Cependant, à Rome, c'était Marius qui avait gagné la guerre et on l'appelait désormais le Troisième fondateur de Rome. Pour Marius, les honneurs d'un second triomphe ne suffisaient pas et il fit tout pour obtenir un sixième consulat, abaissant même sa fierté pour obtenir des voix. Il fut donc encore élu consul pour l'année 654 (-100). Mais au Forum, Marius était bien moins souverain que sur un champ de bataille, et Metellus Numidicus se montra un de ses opposants les plus acharnés. ''C'était un homme naturellement et sincèrement ennemi de tous ceux qui s'insinuaient dans les bonnes grâces du peuple par des moyens honteux, et qui dans leurs actes publics ne s'étudiaient qu'à lui plaire'', dit Plutarque de Metellus. Marius réussit donc à faire exiler Metellus en soutenant les lois du tribun de la plèbe Saturninus. Par la suite, Marius ne pu faire autrement que soutenir les propositions de Saturninus alors que celui-ci voulait renverser la République. Le Sénat finit par réclamer la tête de Saturninus et de ses amis, et Marius ne put empêcher leurs assassinats. Aux nouvelles élections consulaires, il ne se présenta pas, de peur de ne pas être élu. L'année suivante, le peuple vota le retour de Metellus, si bien que Marius se résolu à quitter la ville. Il cherchait une nouvelle guerre qui lui rendrait son crédit. Il se rendit donc en Asie (656/-98) et alla rencontrer Mithridate, non pour lui proposer la paix, mais la guerre. Puis, il rentra à Rome, se fit construire une maison près du Forum, et partagea son temps entre le Sénat et sa villa au bord de la mer.

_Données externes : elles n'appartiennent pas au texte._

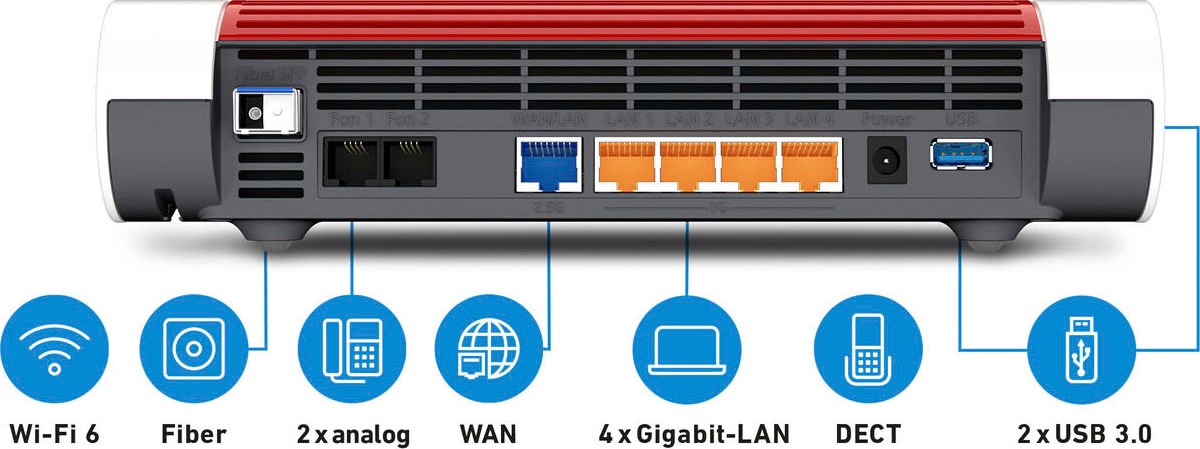 AVM WLAN-Router »FRITZ!Box 5590 Fiber«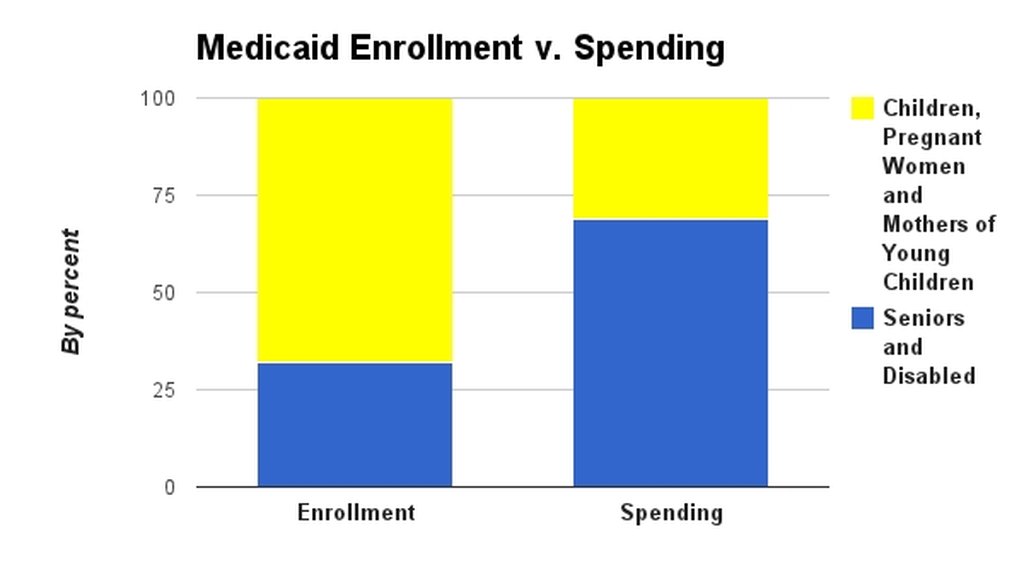 PolitiFact Sickles says 70 percent of Virginia's Medicaid cost is for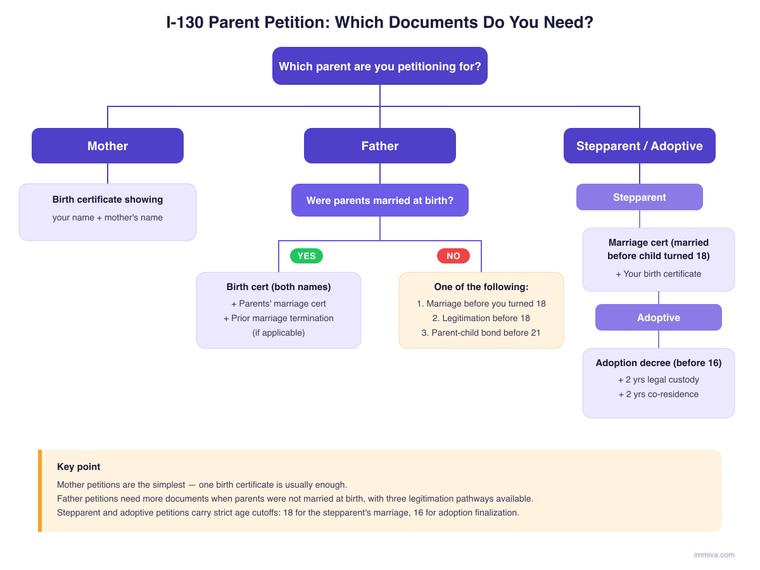I-130 Parent Petition Document Requirements Decision Tree | Immiva Decision-tree chart of I-130 parent petition documents required for mother, father, and stepparent or adoptive cases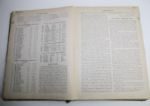 1933 USGA Golfers Year Book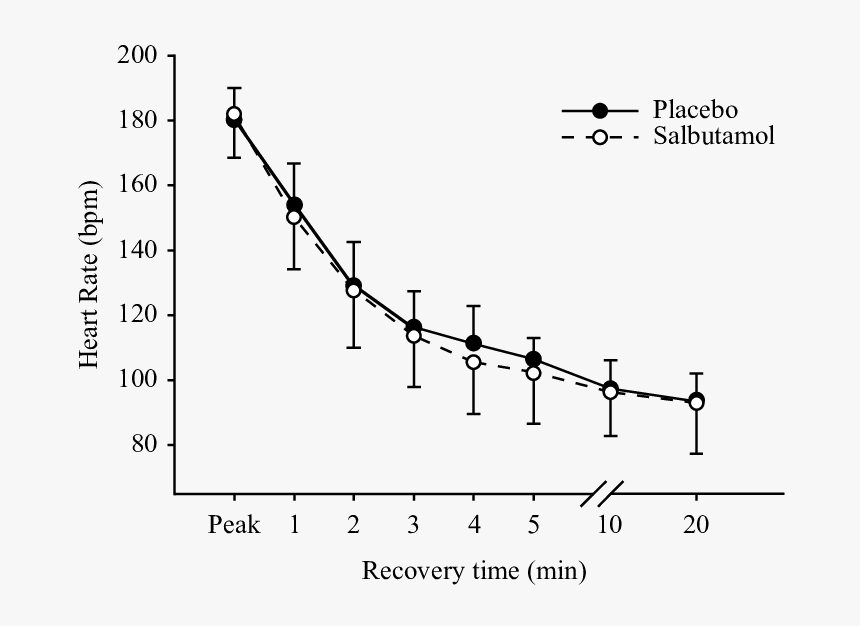 Heart Rate Recovery Minutes, HD Png Download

Après Metellus, Marius se trouvait un nouvel adversaire politique: Sylla. Son ex-questeur joua sur la rivalité qui existait entre eux pour se faire élire préteur. Sylla se présentait comme l'anti-Marius et il joua de son titre de propréteur pour aller calmer les ardeurs guerrières de Mithridate. Dès son retour à Rome, Marius paya donc Censorinus pour faire accuser Sylla de corruption et détruire sa réputation. Cette campagne de dénigrement fonctionna très bien, et mit un frein aux ambitions consulaires de Sylla. Marius s'estimait donc vengé, car Sylla ne serait jamais consul. Mais de son côté, Sylla préparait une surprise pour Marius. Par l'intermédiaire de Bocchus, il fit dédicacer un groupe de statue au Capitole représentant Bocchus livrant Jugurtha à Sylla. Ce monument réussit à rendre Marius furieux car Sylla s'attribuait la gloire de ''sa'' victoire sur Jugurtha. C'était une véritable déclaration de guerre car Sylla refusait de faire enlever ce monument qui portait ombrage à la gloire de Marius.

C'est dans cette ambiance de guerre civile latente qu'éclata la Guerre Sociale (664/-90). Marius avait enfin une nouvelle guerre pour retrouver son crédit auprès du peuple. Cette fois, il était le légat du consul Publius Rutilius sur le front nord contre les Marses. Mais Marius n'était plus le même général et près de onze ans avait passé depuis la bataille de Verceil. Néanmoins, il obtient la première victoire romaine de la guerre en battant les Marses qui venaient de tuer le consul. Puis il bat les troupes du général Asinius. Les Marses s'enfuient dans les vignes. Le temps de se mettre à leur poursuite, Marius découvre que les Marses se sont dirigés droit sur le camp de Sylla qui a fait un carnage des survivants. Lors de cette campagne, Marius est plus hésitant, il attend le dernier moment avant d'engager le combat. A 67 ans, il est devenu gros, fatigué et perclus de rhumatismes. Il ne gagna pas sa dernière bataille contre les troupes de Poppaedius Silo. Marius prit alors la décision de rentrer à Rome, laissant ses troupes sans commandement, ne voulant pas avouer qu'il était désormais trop vieux pour la guerre.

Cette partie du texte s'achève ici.